Ways to Write an Effective Summary and Paraphrase
Effective summary and paraphrase are essential tools in writing. It is crucial to learn these skills for two reasons. First, until you are able to summarize and/or paraphrase the material you read, you haven’t really understood what the material says. And secondly, ineffective summary and paraphrase technically constitute plagiarism. Here are some basic rules that you need to know:
• Plagiarism is the conscious or unwitting representation of someone else’s ideas and expression as your own. “Expression” means vocabulary and syntax/sentence structure.
• A summary is shorter (often much shorter) than the original passage/excerpt/source, and it expresses the main idea(s) of that material in your own vocabulary and your own sentence structure.
• A paraphrase follows the original much more closely, because it involves a shorter passage (usually one to three sentences).

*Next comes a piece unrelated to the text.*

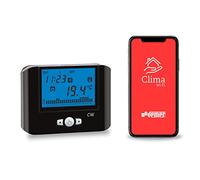 VEMER VE787200 CW - Thermostat Connecté WiFi, Programmable Commande Via App Smartphone, Alimentation 230V, Noir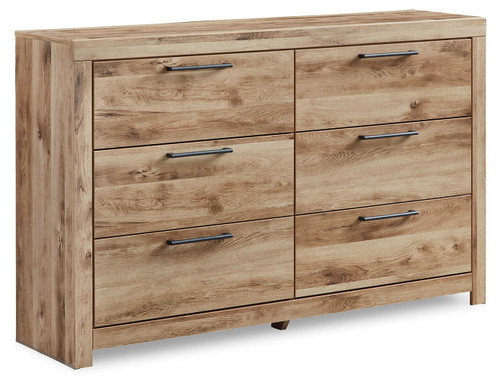 Hyanna - Six Drawer Dresser - Tan Brown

But once again, a paraphrase expresses the main idea(s) of each sentence in your own vocabulary and your own sentence structure.
• Technically, if you simply drop synonyms into the original sentence, you’re still plagiarizing, because you have retained the original author’s/source’s syntax, which is part of the original expression. If you use words or phrases from the original material in your summary or paraphrase without quotation marks, you’ve represented that material as your own—and that’s plagiarism.
• Paraphrases require a parenthetical citation (author + page number). If you refer to the author in your sentence, you need not include the author’s last name in the parenthetical citation, but you still must provide a page citation.